Caption-style text data
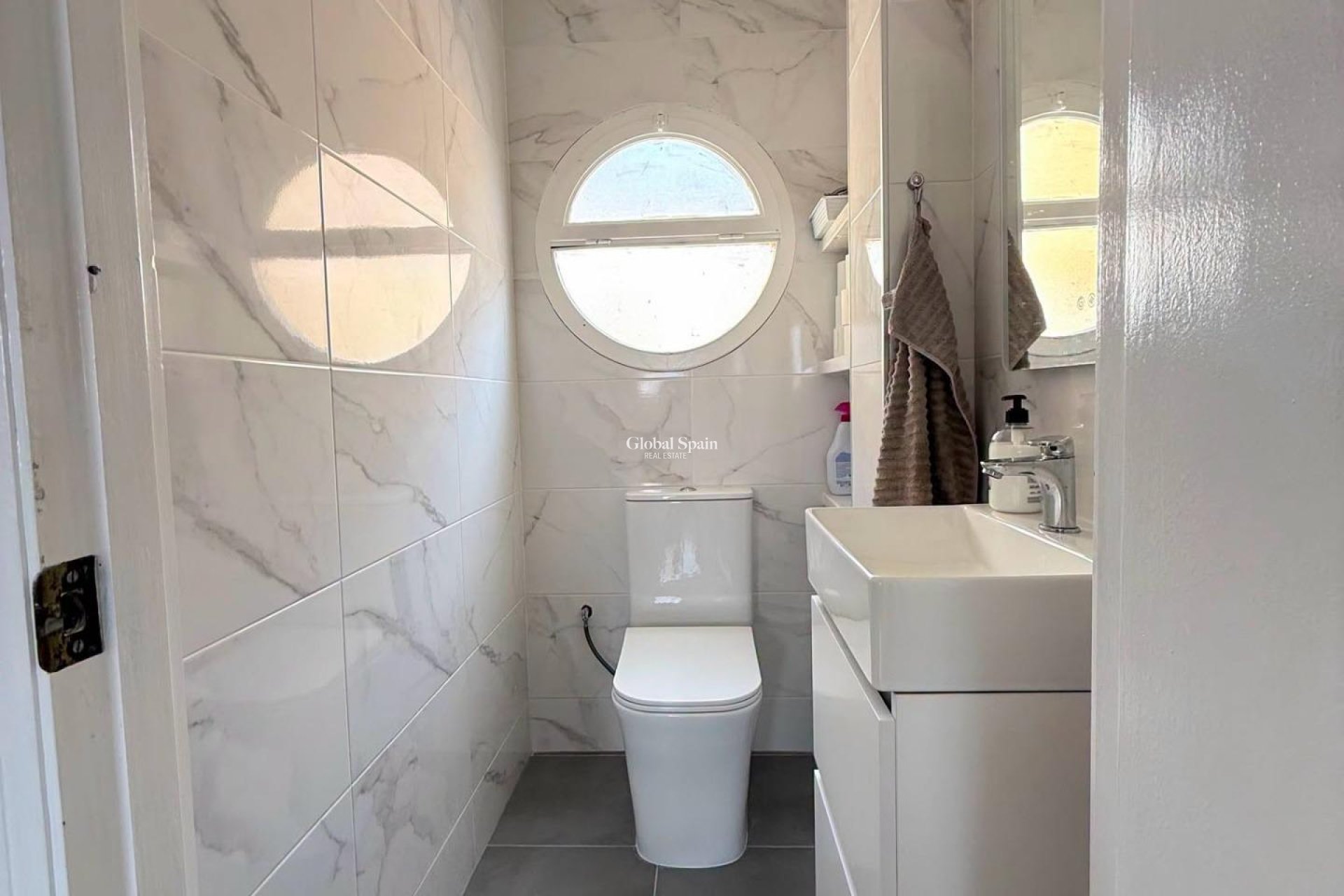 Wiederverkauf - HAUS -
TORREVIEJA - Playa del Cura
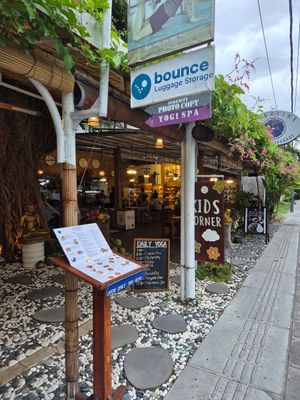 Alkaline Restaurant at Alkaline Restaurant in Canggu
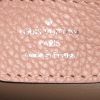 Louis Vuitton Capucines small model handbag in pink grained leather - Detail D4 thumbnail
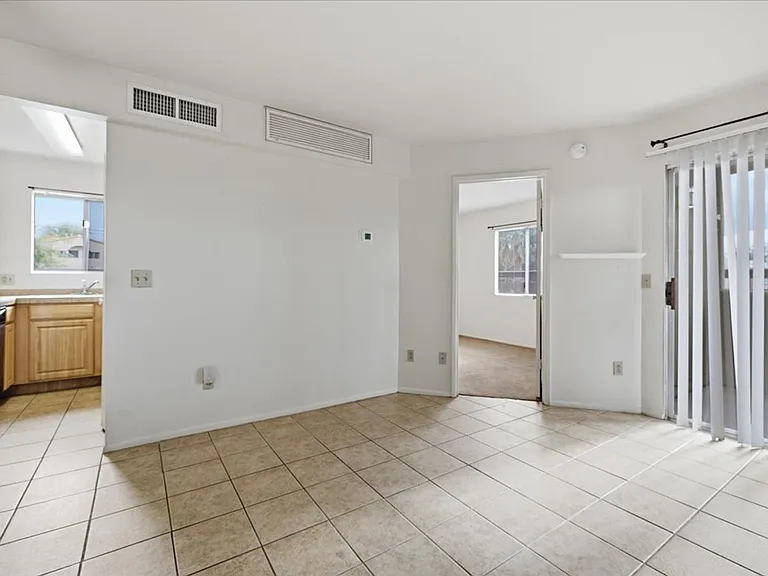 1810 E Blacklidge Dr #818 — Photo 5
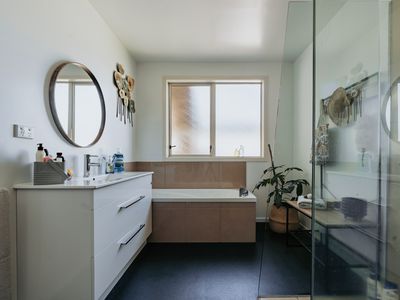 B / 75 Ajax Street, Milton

Task goal
Here the job is to print all the data exactly, skipping any image.

Answer below
 Wiederverkauf - HAUS -
TORREVIEJA - Playa del Cura
 Alkaline Restaurant at Alkaline Restaurant in Canggu
 Louis Vuitton Capucines small model handbag in pink grained leather - Detail D4 thumbnail
 1810 E Blacklidge Dr #818 — Photo 5
 B / 75 Ajax Street, Milton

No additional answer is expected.